Mr Esa predicted that trade between Asia, the Middle East, Latin America and Africa could soon eclipse the trade between developed nations and emerging nations.
In 2009 China overtook the United States as the largest trading partner of the Middle East. “That trade alone is expected to be worth over $500bn in the next 15 years and last year the Asia-Middle East trade was worth over $400 billion,” he explained.
“Ten of the top 15 trading partners in Asia Pacific come from within the same region and roughly a third of the £15 trillion of world trade that takes place today is conducted between emerging and developing economies.”
He warned that these “profound trends” have far reaching implications. “Changes of this dimension will call for a response that is strategic – long term and with visionary thinking. Companies will have to rethink every aspect of their operations, including but not limited to product portfolios, research & development, marketing, supply chain management and talent development.”

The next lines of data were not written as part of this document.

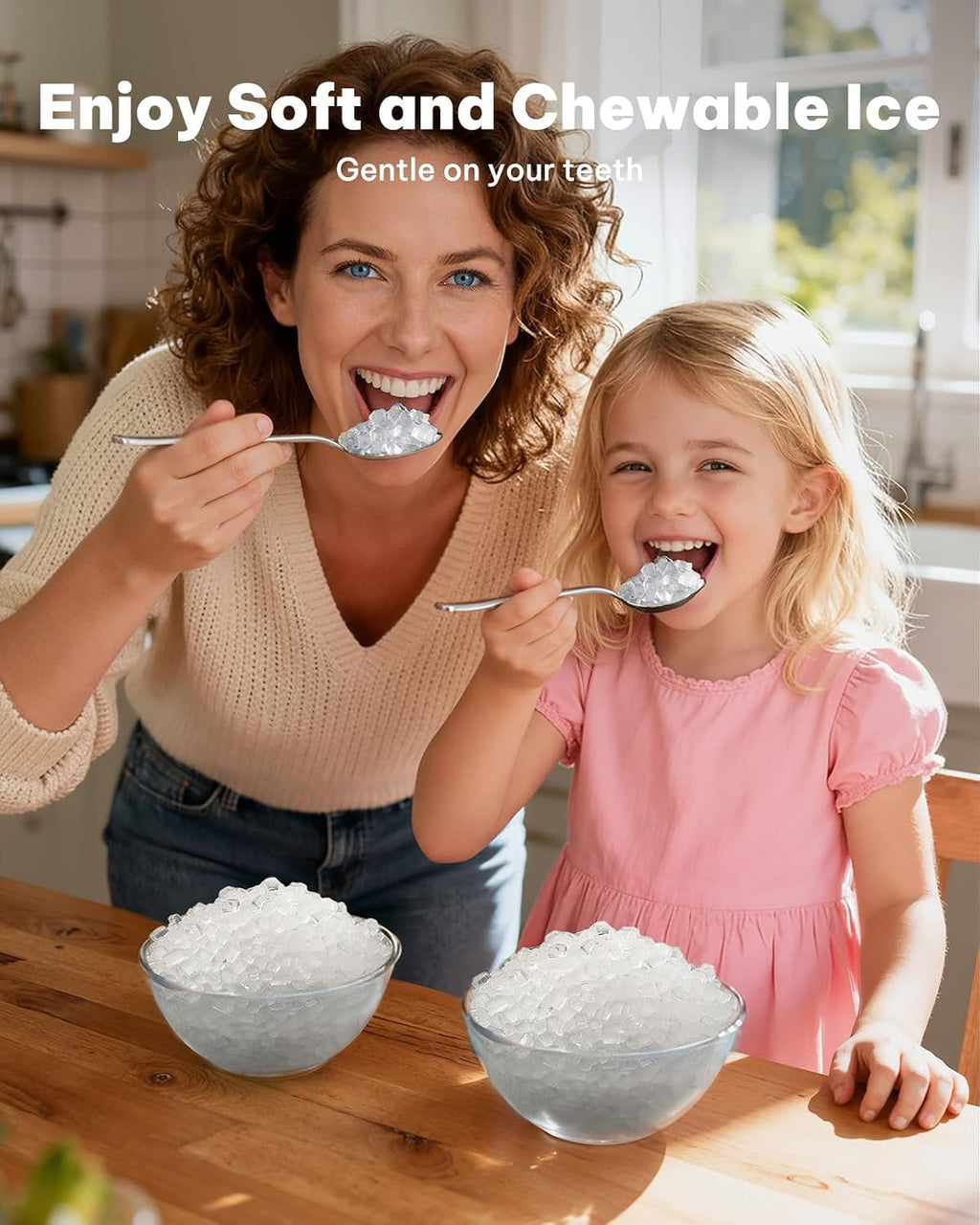 Nugget Ice Maker Countertop - 36lbs 24H Chewable Pellet Sonic Ice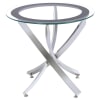 Brooke 3 Piece Round Coffee Table Set in Chrome/Clean and Black Finish by Coaster - COA-702588 - Image 4 of 0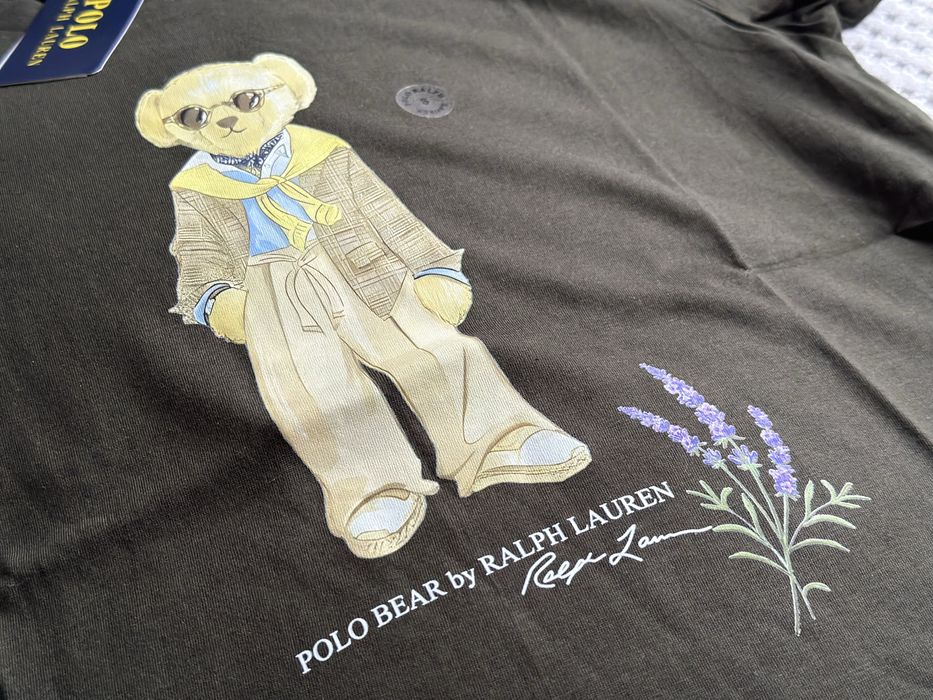 100% ОРИГІНАЛ | Polo Bear Ralph Lauren, Olive green, S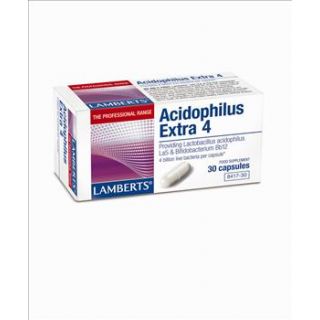 BestPharmacy.gr - Photo of Lamberts Acidophilus Extra 4 30 Caps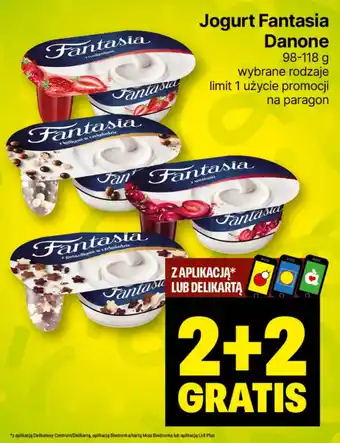 Delikatesy Centrum Jogurt Fantasia Danone 98-118 g oferta
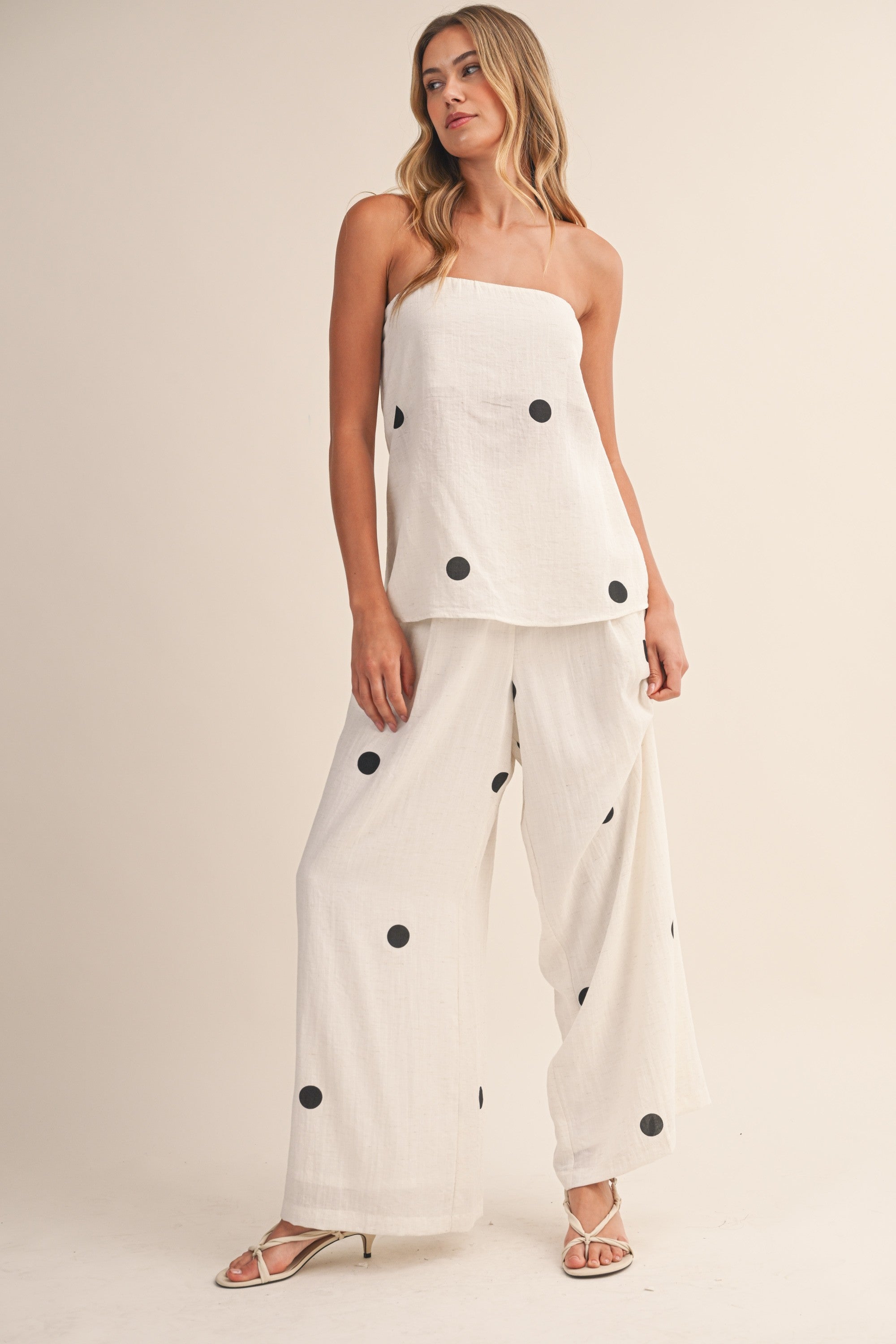 LORRAINE POLKA DOT SET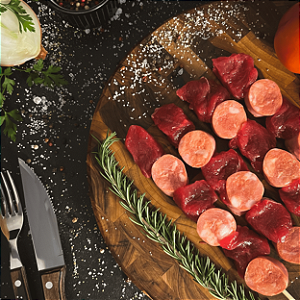 Espeto Misto - Carne Bovina e Linguiça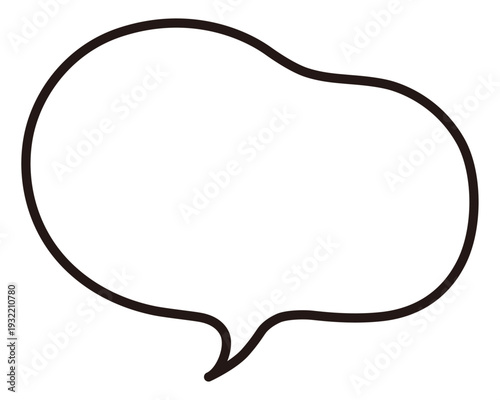 シンプルな吹き出しのベクターイラスト。単品、フレーム、枠、ふきだし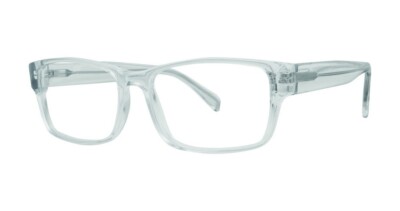 Mens Womens Glasses Modern Optical Slick Eyeglasses Frame Size 54-17-145 Crystal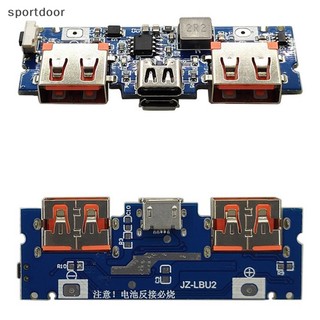Bảng Mạch Sạc usb Kép 5v 2.4a micro / type-c usb 18650 Có Đèn led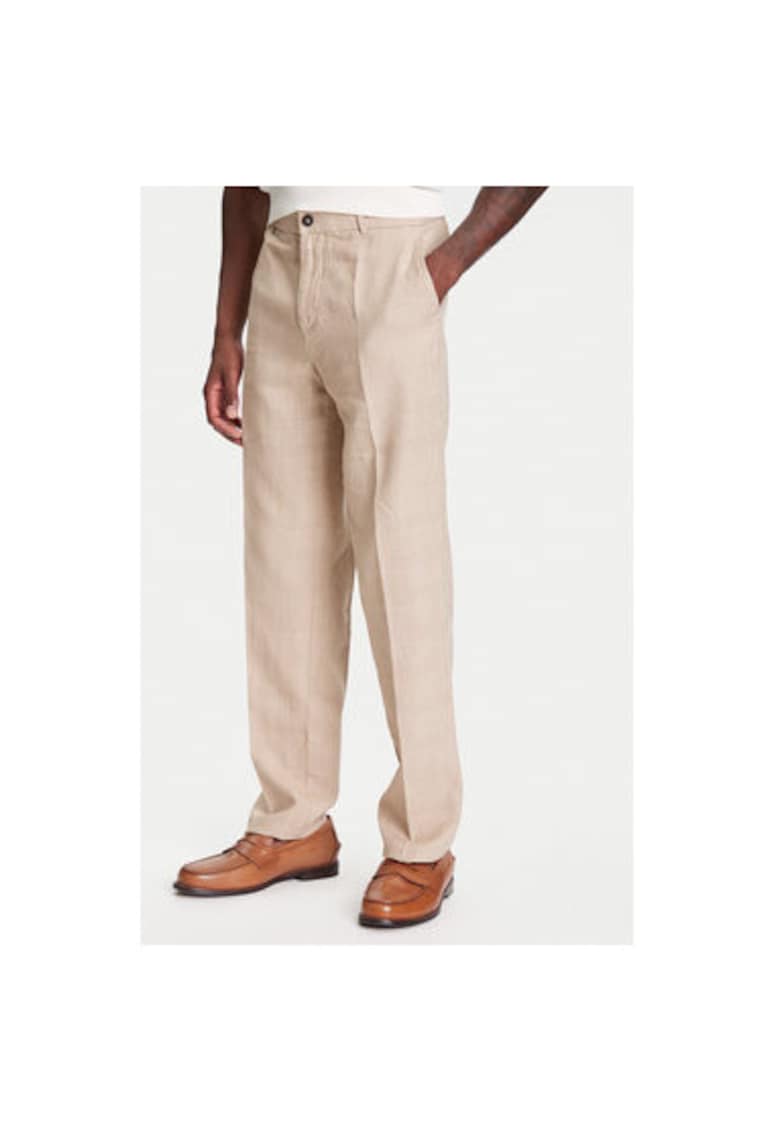 Pantaloni barbati  43B3UF03X - In/Bumbac - Bej - Bej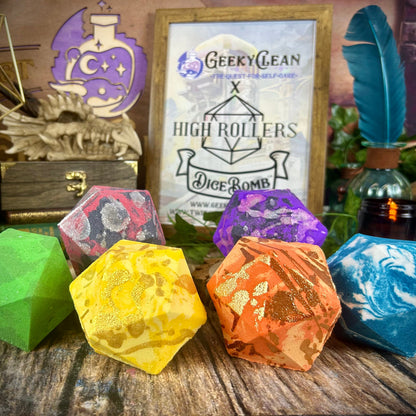 High Rollers Altheya bath collection by GeekyClean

He added that emerging markets will have to become central to companies’ planning if they want to compete, but he also warned that emerging markets are much higher risk than developed markets.
“The obstacles that some of us have seen over the years could include political instability like the Arab Spring, complex regulatory procedures, language, cultural values and logistics infrastructure, which is so different in emerging economies. So a one-size-fits-all strategy does not work across the region.
“It becomes very important for companies to partner with the right service providers who are equipped to deal with these stumbling blocks. And those services providers and partners could be port operators, carriers, shipping lines, airlines, forwarders – everyone has a role to play.”
Mr Esa argued that logistics service providers and transport companies are a key component in development of international trade.
“We are a key enabler,” he said. “It is important that we continue to evolve and adapt to these changes and stay abreast of changes that are happening in infrastructure, regulation, legislation and keep our customers in the loop.
“Having a global footprint with local resources and knowledge in these countries is very important to overcome potential obstacles.
“Given the trends of this past decade one thing is clear; emerging markets are not just growing rapidly, they are finding opportunities to grow through trade and investment with each other.”
The Agility chief believes these developments present a unique opportunity in the Middle East region. “How we respond and take advantage will have a profound impact on all of our businesses in the years to come.”